Flash Fiction February - Out In Ten
This flashfic is inspired by a prompt posted on 23rd February 2022 by the Writer’s Digest to write “a story that takes place in less than 10 minutes”. This story is just over 900 words. Enjoy!
I haven’t been able to hit dial in three hours. Even though my legs are shivering and the rain is coming down in sheets, all I can do is stare at her contact through the thin layer of droplets on my phone screen.
You know how well this went last time.
Occasionally, a bus thunders past my bus shelter and I know another half an hour has ticked by. It occurs to me that I haven’t seen one in a while, and I start to look down the road. But i don’t dare. Not as my finger hovers over that green icon.
My limbs move stiffly now as if attached to my heart by thick cables slowly becoming restricted by the terrible, swelling knot that was making a home there. Even despite the soothing spray of rain, my skin still feels rubbed raw all over. And as my fingers quiver and shake, a part of me is fascinated with words and how they had the power to pass me over a cheese grater like a prime cut of British cheddar.
The screen on my phone changes.
I stare in disbelief as the call initiates, and I realise my unsteady finger had scrapped the glass. I move to hang up, but the dial tone clicks to line-static.
“Hi, Nanna,” I grind out, my voice hoarse as I put the phone to my ear. My cheek is colder.
“Hello, Claire.” Her sweet voice works into my pours, relief spreading over me like the sooth of a high-quality moisteriser. “How are you?”
“I’m …” I wanted to match her tone, to be happy, cordial, excited to hear from my loving, caring family. “I’m … not the best. What about you?”
“Oh, I’m sorry to hear that!” I hear her shuffling around: the creak of the couch, the dying down of the TV already quietly talking away in the background.

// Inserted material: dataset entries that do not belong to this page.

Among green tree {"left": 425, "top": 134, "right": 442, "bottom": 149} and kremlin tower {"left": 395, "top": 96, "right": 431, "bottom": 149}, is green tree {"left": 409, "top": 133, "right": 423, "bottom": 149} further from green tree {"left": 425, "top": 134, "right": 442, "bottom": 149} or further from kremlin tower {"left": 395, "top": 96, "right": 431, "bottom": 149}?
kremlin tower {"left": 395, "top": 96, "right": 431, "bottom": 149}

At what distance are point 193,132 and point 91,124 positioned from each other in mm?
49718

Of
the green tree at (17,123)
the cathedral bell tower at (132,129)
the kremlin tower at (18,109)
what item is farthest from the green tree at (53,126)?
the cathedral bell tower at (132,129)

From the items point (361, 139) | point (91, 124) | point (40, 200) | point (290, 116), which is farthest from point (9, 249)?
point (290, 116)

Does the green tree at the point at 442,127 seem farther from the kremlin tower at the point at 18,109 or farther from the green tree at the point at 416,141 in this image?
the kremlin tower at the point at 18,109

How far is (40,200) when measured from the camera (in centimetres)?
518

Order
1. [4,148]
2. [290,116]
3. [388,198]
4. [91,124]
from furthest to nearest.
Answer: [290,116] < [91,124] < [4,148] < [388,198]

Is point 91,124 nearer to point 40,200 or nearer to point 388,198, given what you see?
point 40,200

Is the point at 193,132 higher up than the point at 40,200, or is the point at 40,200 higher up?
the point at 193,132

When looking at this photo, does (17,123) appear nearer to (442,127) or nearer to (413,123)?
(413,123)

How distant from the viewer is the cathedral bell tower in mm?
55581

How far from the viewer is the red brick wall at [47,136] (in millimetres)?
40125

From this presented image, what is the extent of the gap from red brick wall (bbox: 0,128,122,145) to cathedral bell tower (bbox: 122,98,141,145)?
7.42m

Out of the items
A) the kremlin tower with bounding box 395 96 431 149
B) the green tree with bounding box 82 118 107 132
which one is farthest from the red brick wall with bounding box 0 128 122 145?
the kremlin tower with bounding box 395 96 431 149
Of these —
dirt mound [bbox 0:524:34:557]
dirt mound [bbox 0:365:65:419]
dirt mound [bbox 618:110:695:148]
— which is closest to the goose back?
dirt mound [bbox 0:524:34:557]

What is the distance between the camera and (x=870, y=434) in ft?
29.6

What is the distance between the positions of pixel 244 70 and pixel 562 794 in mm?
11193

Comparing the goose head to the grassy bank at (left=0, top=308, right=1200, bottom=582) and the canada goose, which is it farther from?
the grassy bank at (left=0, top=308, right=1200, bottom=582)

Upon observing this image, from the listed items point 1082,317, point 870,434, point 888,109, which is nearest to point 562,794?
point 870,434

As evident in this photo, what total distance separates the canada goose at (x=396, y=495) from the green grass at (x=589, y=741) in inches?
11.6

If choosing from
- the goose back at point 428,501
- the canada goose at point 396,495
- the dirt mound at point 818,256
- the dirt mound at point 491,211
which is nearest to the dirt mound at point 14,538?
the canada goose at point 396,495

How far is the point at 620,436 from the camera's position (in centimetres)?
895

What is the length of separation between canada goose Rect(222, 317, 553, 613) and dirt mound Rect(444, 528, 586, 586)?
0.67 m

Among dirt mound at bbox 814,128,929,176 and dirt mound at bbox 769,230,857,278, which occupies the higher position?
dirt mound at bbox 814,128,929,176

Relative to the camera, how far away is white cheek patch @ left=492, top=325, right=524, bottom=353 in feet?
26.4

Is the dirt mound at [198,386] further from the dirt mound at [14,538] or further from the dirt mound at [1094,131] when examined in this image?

I draw in a breath as her worried words come through. “What’s wrong? Is your mother alright? Do I need to call someone?”
“No, no. Yeah, she’s… mum’s fine. I’m just on Peli Street, right now, erm … chilling.”
Get it together.
“Erm –” I cleared my throat some – “Dad said you had a spare guestroom? It was a while ago, but I was wondering if you, er, still had it?” My fingers tighten around the tassel on my hoodie, and I resist the urge to pull on it and ruin it, tugging it so far through one end the second tassel disappears.
Grandma remains silent, and my heart hammers. Then, “Well, ye-es, I do.”
I could hear the cogs turning under her grey puff of hair, the clack-clack as she turned a rhinestone over against her neck. “Claire, what is this about?” she asks, soft but stern. “Why are you not at home with your mother?”
“I …” I tried not to. I really did. But my throat was already closing, tears swelling in my eyes, and as I try to speak, I choke. “I-I don’t know. I can’t stay – stay with mum anymore. She won’t let me.”
“What!” There is a clatter. And I wonder if she had been holding a mug of coffee. Did she set it down in time? I hope she didn’t break it. She loved those kitschy mugs.
“Why not?” she demands. “Did you do something wrong?”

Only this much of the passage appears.